Ein neues Logo und doch jedes Mal das Gleiche
Top-News in der Design-Branche und darüber hinaus: BMW hat ein neues Logo! Und natürlich finden es alle erst einmal schei… -nbar nicht so gut. Was wird sich echauffiert, von Designern und Nicht-Designern? Egal ob BMW-Fahrer, Audi-Jünger, Fahrradfahrer und VW-Anhänger. Aber Moment! Das neue Logo von VW hat doch vor nicht allzu langer Zeit das gleiche Schicksal ereilt!
Ab und an kommt es eben auch in großen Konzernen vor, dass ihr Logo ein Redesign erfährt. Häufig sind es nur kleine Nuancen, die geändert werden und trotzdem muss jeder der Augen im Kopf hat seinen Senf dazu geben. Und wenn die Veränderung so offensichtlich ist wie im aktuellen Fall von BMW, dann muss es noch eine extra große Portion Senf sein.
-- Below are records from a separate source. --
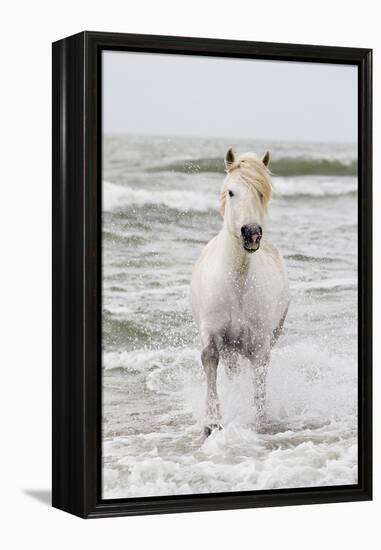 France, The Camargue, Saintes-Maries-de-la-Mer. Camargue horse in the Mediterranean Sea.-Ellen Goff-Framed Premier Image Canvas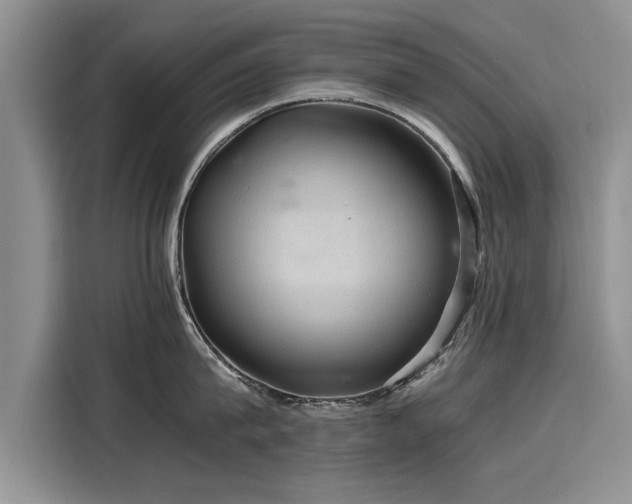 X0000116120815200911301326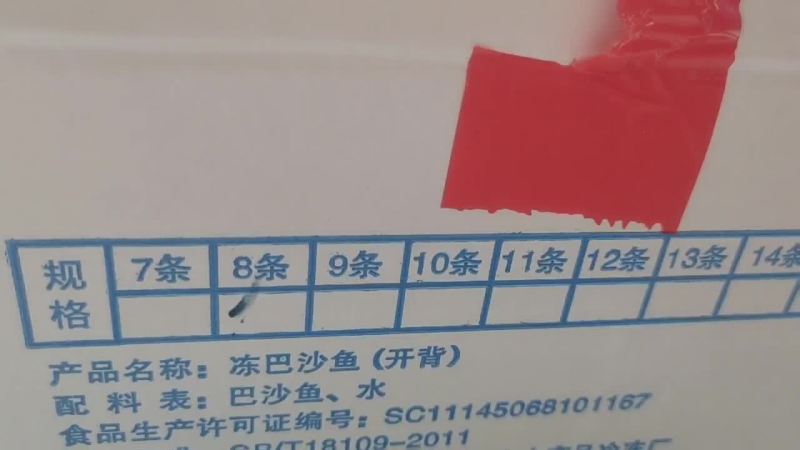 开背巴沙鱼七八九十条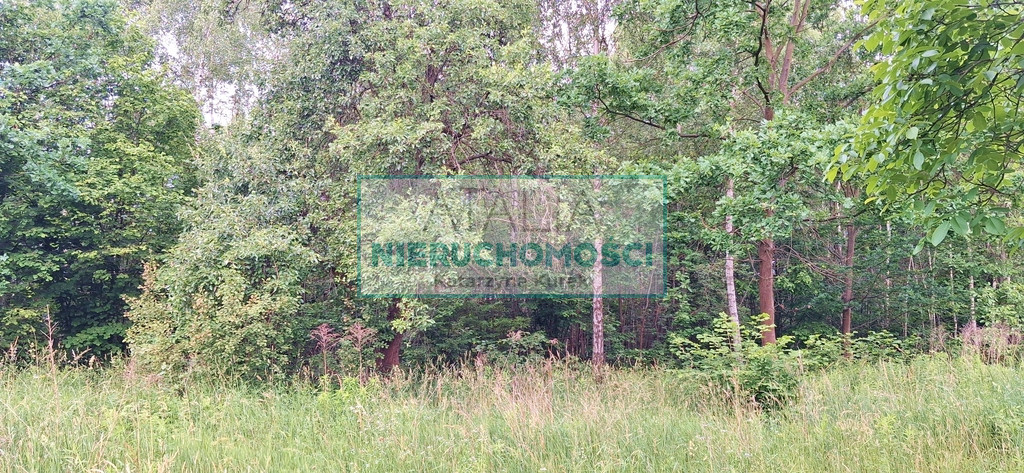 Działka Sprzedaż Oddział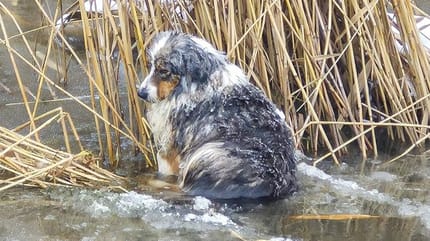 Perro congelado en el río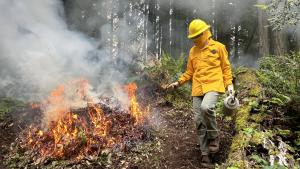 Image of Midpen staff managing a pile burn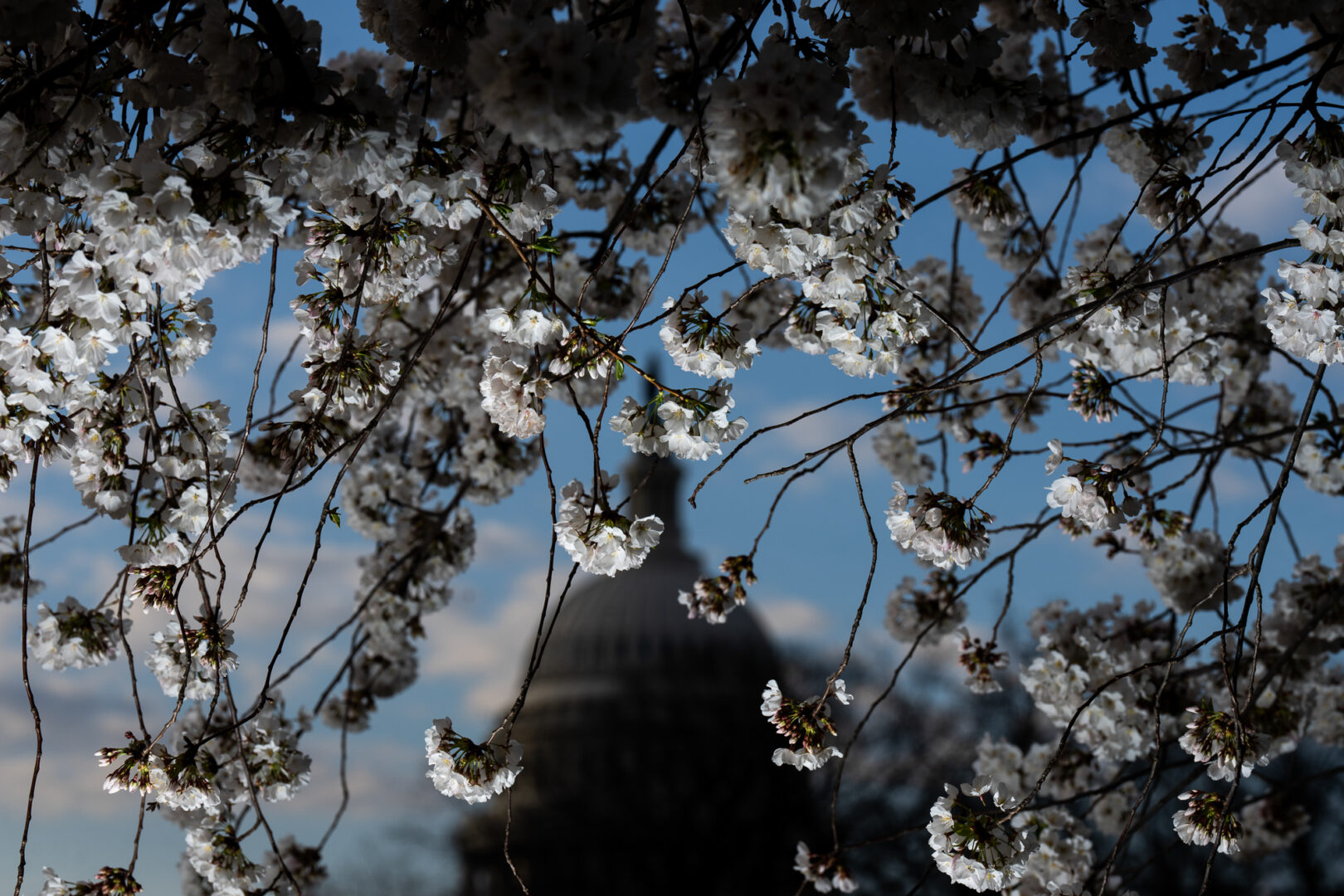 Peak bloom cherry blossoms frame the Capitol dome on Wednesday, the first full day of spring.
Und dabei wiederholt sich das Fachsimpeln ständig von neuem: Was hat sich der Designer dabei gedacht? Hat er sich überhaupt etwas dabei gedacht? Stammt das vom Praktikanten? Ist die Agentur mit ihrer Arbeit überhaupt fertig geworden, das sieht so halbgar aus? Am beliebtesten ist jedoch die Phrase „Also ich hätte das viel besser gemacht…“.
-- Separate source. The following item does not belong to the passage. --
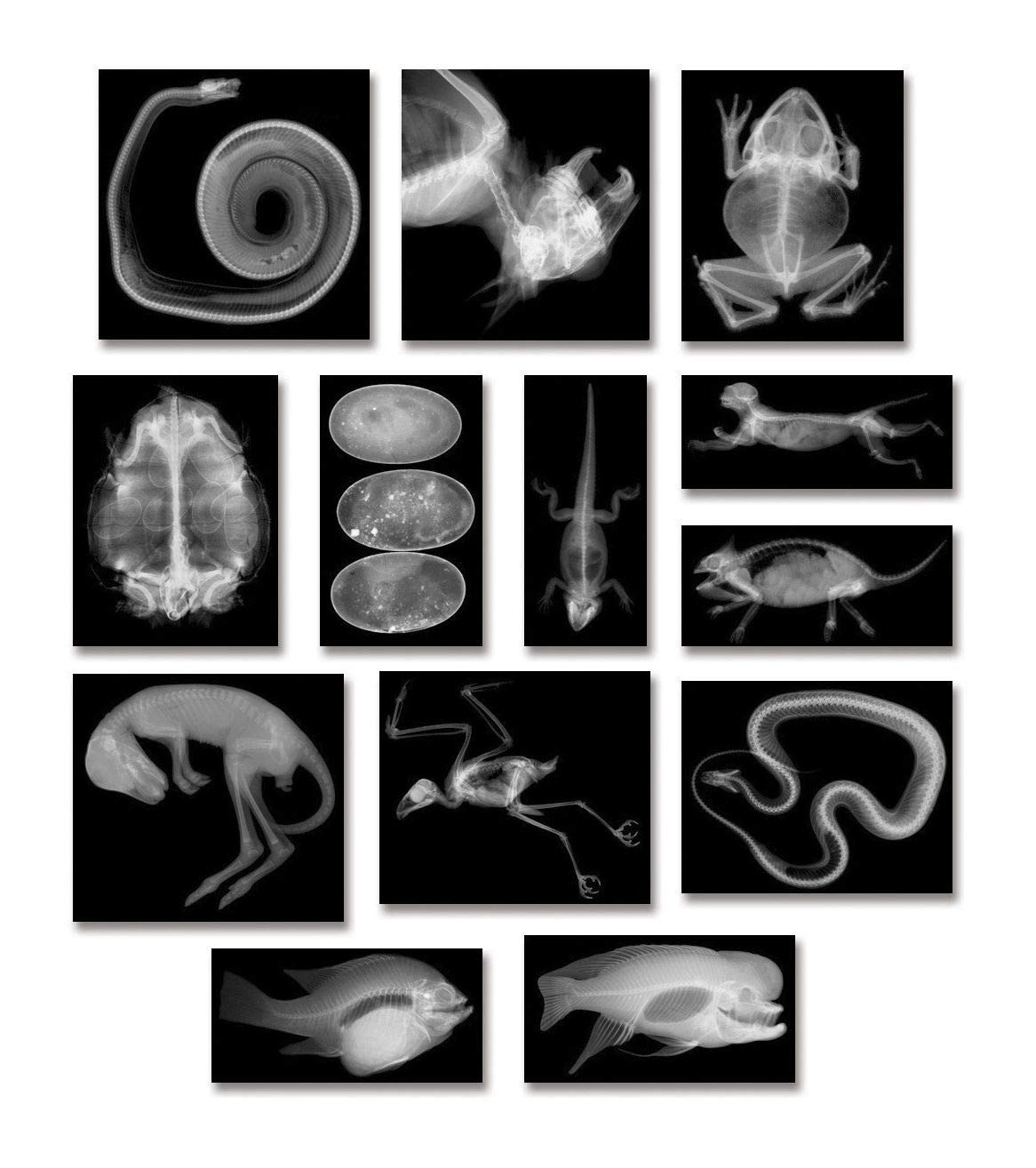 R5910 Animal X-Ray Set, 8 x 10 Size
Dabei ist es ganz gleich, ob der „Gloss“ zurückkehrt wie bei Aldi oder ob eine Dimension gestrichen wird und alle wieder „flat“ sind, siehe MINI, VW oder eben BMW. Immer gibt es Leute, die was zu Meckern haben.

Die neuste Evolutionsstufe des BMW Logos, zu bewundern unter anderem auf der Homepage des Automobilherstellers.
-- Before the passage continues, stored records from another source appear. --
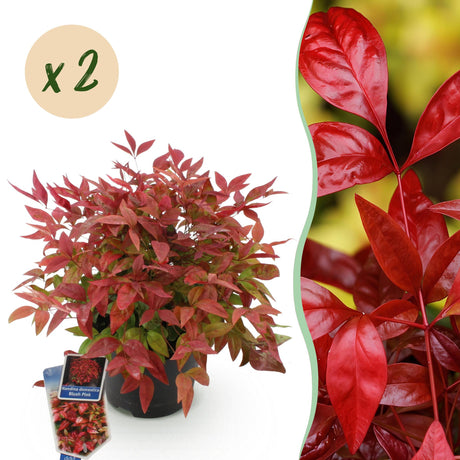 Livraison plante Nandina Blush Pink x2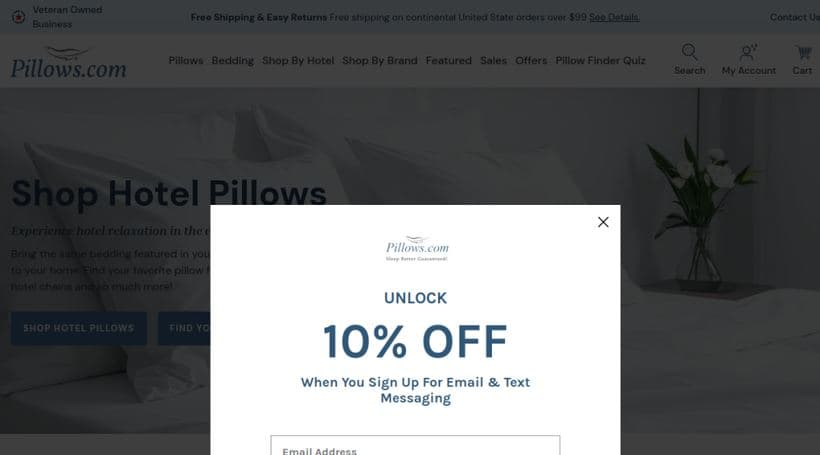 Pillows.com storefront, a client of Praella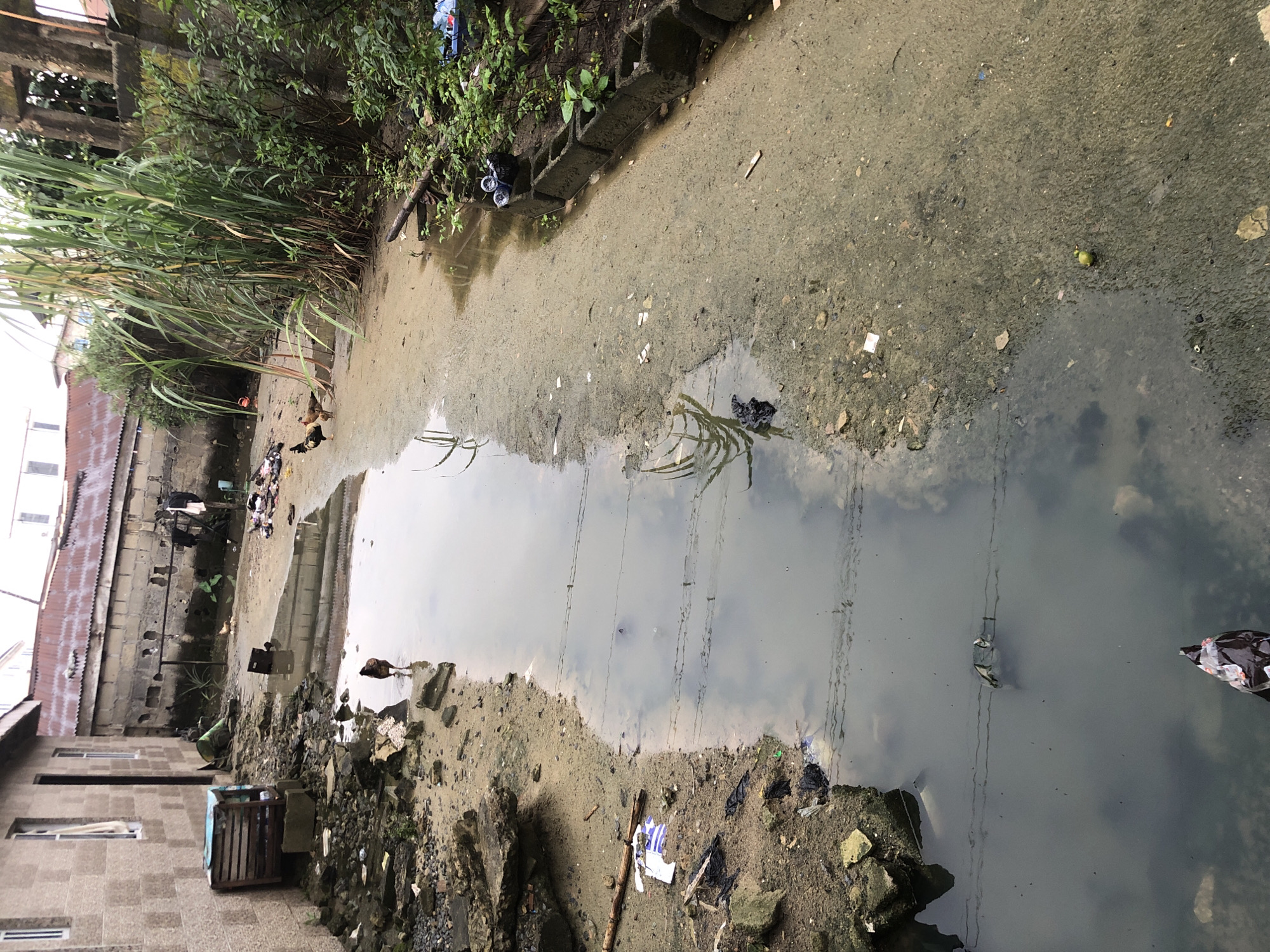 This is a photograph of an outdoor environment in Ado, Nigeria, depicting a narrow, muddy path with standing water and debris. On the left, a building with a light-colored tiled exterior is visible, featuring a doorway and windows. Adjacent to the building, a wooden crate sits on the ground amidst scattered rubble and dirt.
The path itself is characterized by a muddy surface, with a large puddle of murky water reflecting the sky and surrounding vegetation. Several chickens are present in the scene. One chicken is walking in the water, while another stands on the dry ground. Further down the path, two more chickens are visible near tall, green reeds that line the right side of the frame.
The right side of the image shows a wall constructed from cinder blocks, overgrown with dense green foliage. Some discarded items, including plastic bottles, are placed on top of the cinder blocks. The ground is a mix of dirt, sand, and various pieces of trash, including plastic bags and wrappers. A small, green, spherical object, possibly a fruit, is on the ground near the edge of the water. Overhead, thin wires are strung across the water. The overall scene suggests an unkempt and somewhat neglected urban environment.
Man kann es als Designer nie allen recht machen
Dabei sollten doch gerade die Designer unter den Meckerern wissen, dass man es als Kreativer sehr schwer hat. Das Design, in dem Fall ein Redesign eines Logos, muss in erster Linie dem Kunden gefallen. Und idealerweise dem Kunden des Kunden. Darum finde ich Aussagen wie „Also der Designer hat sich ja wohl nichts dabei gedacht“, sehr fragwürdig. Denn ich bin mir sicher, dass sich jeder halbwegs vernünftige Designer was bei seiner Arbeit denkt. Mehr noch. Die meisten stecken sehr viel Hirnschmalz in ihre Arbeit, gehen in Diskussionen mit dem Kunden und verbringen ihre Nächte am Schreibtisch, damit am Ende ein zufriedenstellendes Ergebnis herauskommt. Und wenn ein großer Auftraggeber wie ein Automobilhersteller an die Tür klopft, dann weiß man auch, dass viele Entscheidungsträger am Tisch sitzen und die Design-Agentur auch nicht gerade unerfahren ist. Ein Redesign dieser Art macht nicht nur ein Designer, dafür war ein ganzes Team verantwortlich.
Viel Aufregung um Nichts
Und dann ist es doch so, dass zwar der Aufschrei des Entsetzens im ersten Moment groß ist. Aber spätestens, wenn in ein paar Monaten die ersten Werbefilme mit dem neuen Logo ausgestrahlt und die Autohändler mit den neuen Fahnen ausgestattet sind, dann wirds wieder ruhig um die optische Zumutung. Dann hat sich das kritische Auge der Experten und denen, die sich dafür halten, an das neue Erscheinungsbild gewöhnt. Und sie warten begierig darauf, sich auf das nächste „Design-Verbrechen“ zu stürzen.
Die Emotionen kochen hoch
Design polarisiert. Jeder Glückliche, der sehen kann, bildet sich sofort eine Meinung über das, was vor seine Augen kommt. Das ist auch erst mal völlig normal und menschlich. Stimmt das Gesehene dann nicht mit unserer Wertevorstellung und unserem Empfinden von Ästhetik überein, dann wirds ungemütlich für denjenigen, der das Design „verbrochen“ hat. Und nichts emotionalisiert uns Deutsche so sehr, wie unsere Autos. Da können sogar Babys und Katzenvideos einpacken. Also hat man es als Designer offensichtlich schon dann verbockt, wenn man einen Auftrag von einem Automobilhersteller annimmt. Ganz egal wie zufrieden man selbst am Ende seiner Arbeit ist, deine Design-Kollegen jagen dich mit der Mistgabel aus dem Dorf.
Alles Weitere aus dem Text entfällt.